Sachs debated. Most of the other officers had left. Simpson and Rettig were armed but not tactically trained and the suspect was on the other side of a three-foot-high metal barricade set up for an upcoming parade. He could escape easily if she approached him from where she was now, across the street. She'd have to handle the take-down more subtly.
She walked up to Pulaski, whispered, "There's somebody at your six o'clock. I want to talk to him. Guy with the paper."
"The perp?" he asked.
"Don't know. Maybe. Here's what we're going to do. I'm getting into the RRV with the CS team. They're going to drop me at the corner to the east. Can you drive a manual?"
"Sure."
She gave him the keys to her bright red Camaro. "You drive west on Cedar toward Broadway, maybe forty feet. Stop fast, get out and vault the barricade, come back this way."
"Flush him."
"Right. If he's just out reading the paper, we'll have a talk, check his ID and get back to work. If not, I'm guessing he'll turn and run right into my arms. You come up behind and cover me."
"Got it."
Sachs made a show of taking a last look around the scene and then climbed into the big brown RRV van. She leaned forward. "We've got a problem."
Nancy Simpson and Frank Rettig glanced toward her. Simpson unzipped her jacket and put her hand on the grip of her pistol.
"No, don't need that. I'll tell you what's going down." She explained the situation then said to Simpson, who was behind the wheel, "Head east. At the light make a left. Just slow up. I'll jump out."
Pulaski climbed into the Camaro, fired it up and couldn't resist pumping the gas to get a sexy whine out of the Tubi exhausts.
Rettig asked, "You don't want us to stop?"
"No, just slow up. I want the suspect to be sure I'm leaving."

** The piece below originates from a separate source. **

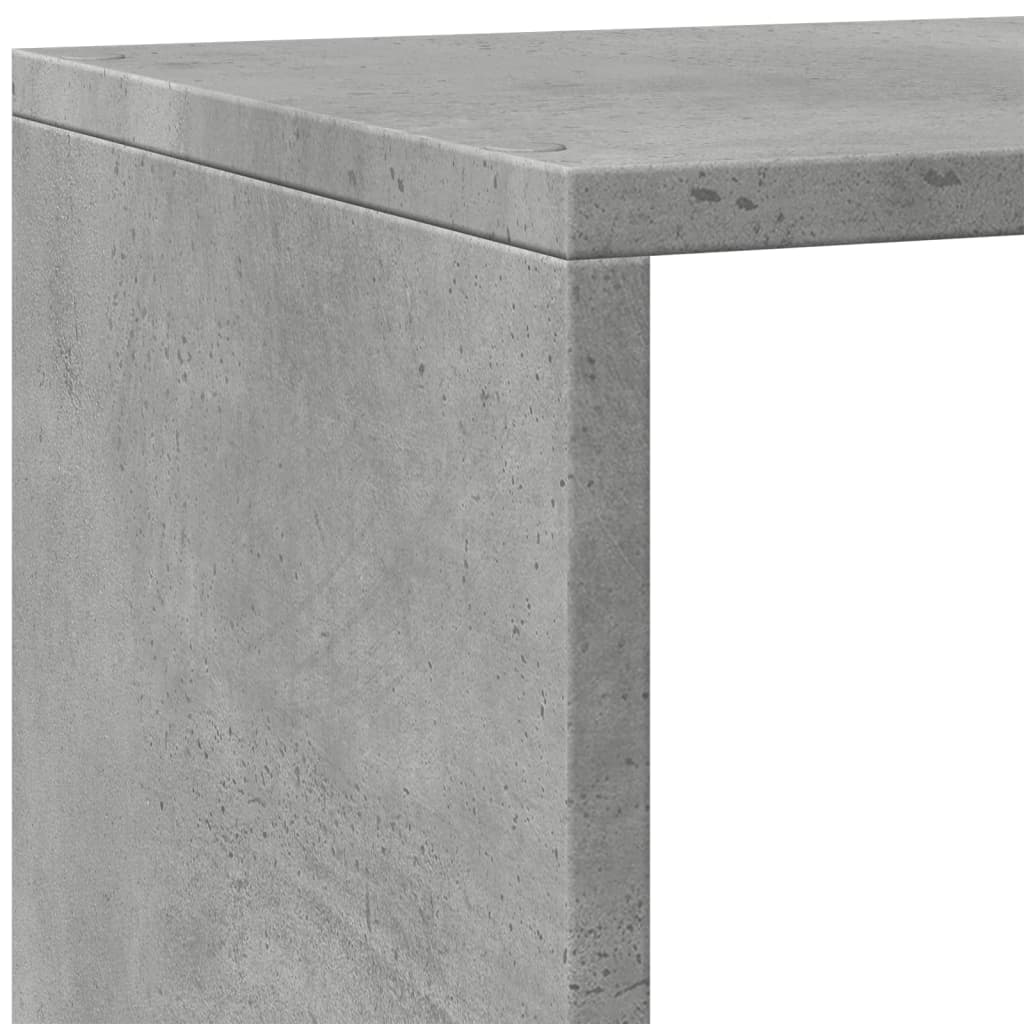 Bookcase/room divider concrete gray 143.5x29x143.5 cm wood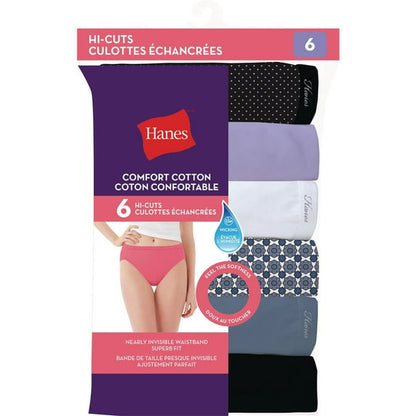 Hanes 6 Pack Hi-Cut Panties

"Okay," Simpson said. "You got it."
The RRV headed east. In the sideview mirror Sachs saw Pulaski start forward — easy, she told him silently; it was a monster engine and the clutch gripped like Velcro. But he controlled the horses and rolled forward smoothly, the opposite direction from the van.
At the intersection of Cedar and Nassau the RRV turned and Sachs opened the door. "Keep going. Don't slow up."
Simpson did a great job keeping the van steady. "Good luck," the crime scene officer called.
Sachs leapt out.
Whoa, a little faster than she'd planned. She nearly stumbled, caught herself and thanked the Department of Sanitation for the generous sprinkling of salt on the icy street. She started along the sidewalk, coming up behind the man with the newspaper. He didn't see her.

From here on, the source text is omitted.